As usual, I recommend seeing the movie before reading the book. In this case the first version was a long short story by Isaac Asimov, after which he collaborated with Robert Silverberg to turn the story into a novel (see below). The best of the three versions (short story, novel, movie) is the short story, which is why you should read it last. Otherwise you’ll be disappointed, as I was.
OK, let me correct that: I was only somewhat disappointed with the movie. The late lamented Robin Williams did a superb job portraying the android Andrew, and the theme managed to emerge from the production despite all the fluff that was added. But before we discuss the movie, we need to talk briefly about the timeline:
- Asimov of course wrote the short story in 1976, as it had been intended to be one of a dozen stories by a dozen different authors, all with the title The Bicentennial Man. (Get it? 1976?) Unfortunately the projected anthology was never published, so Asimov returned the advance and published it as part of Judy-Lynn Del Rey’s anthology, Stellar Science Fiction #2. Even though this was 45 years ago, I remember the story clearly, as it had a big impact on me. I have just now re-read it. FYI: as a double-length short story, it was labeled a novelette, which appears to be an SF-specific term for a piece longer than a short story but shorter than a novella.

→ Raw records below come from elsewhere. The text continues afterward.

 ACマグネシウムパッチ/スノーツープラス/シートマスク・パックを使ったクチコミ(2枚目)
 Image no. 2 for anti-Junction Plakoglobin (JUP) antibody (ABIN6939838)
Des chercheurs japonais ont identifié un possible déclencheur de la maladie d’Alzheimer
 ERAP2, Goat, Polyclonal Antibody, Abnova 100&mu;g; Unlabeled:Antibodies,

- We next move to 1992, when Asimov collaborated with fellow science fiction great Robert Silverberg to expand the novelette to a full-length novel, The Positronic Man. That one I don’t remember clearly, so I’m going to read it again next week. But it couldn’t have been very memorable if I don’t remember it much.
- In 1999 the movie version dropped, with the title taken from the short story but much of the content from the novel. For some reason I hadn’t seen the movie until this week; I don’t know why it took me 22 years. When I re-read the novel version I will be able to figure out how much of the movie came from it.

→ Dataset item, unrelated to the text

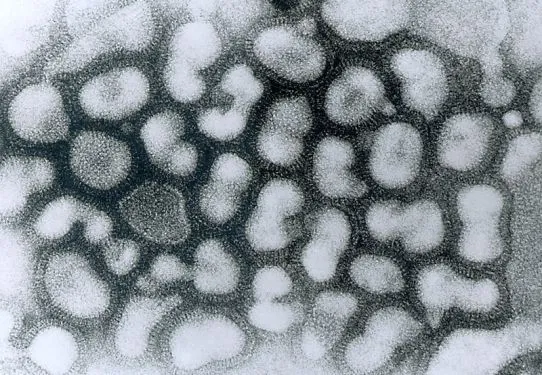 10 loại virus chết người nguy hiểm nhất thế giới ảnh 9 10 loại virus chết người nguy hiểm nhất thế giới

So I promised to discuss the movie. In the extras at the end of the DVD, Robin Williams observes that it is a fable, and “like all fables, it talks about something other than just the story itself.” On the surface it’s about a humanoid robot who wants to be treated like a human—in fact who wants to be human. But what does it mean to be human? That may be the central question of all novels, but in this context it can be taken quite literally. The story—in novelette form, in novel form, and in movie form—echoes a lot of earlier history and literature. Most directly it reminds us of Frankenstein and Pygmalion (a robot in the movie, though not in the novelette and I think not in the novel either is even named Galatea). At a deeper level all three forms of the story are really about slavery, which is fairly explicit in the original short story; note that Andrew calls his “family” Sir and Miss and Little Miss, and he is programmed to be happy to serve them. There are also unintentional echoes of Dobby the House Elf in Harry Potter, of Hal in 2001, of Data in Star Trek, and of the robots in RUR, where the word “robot” was coined.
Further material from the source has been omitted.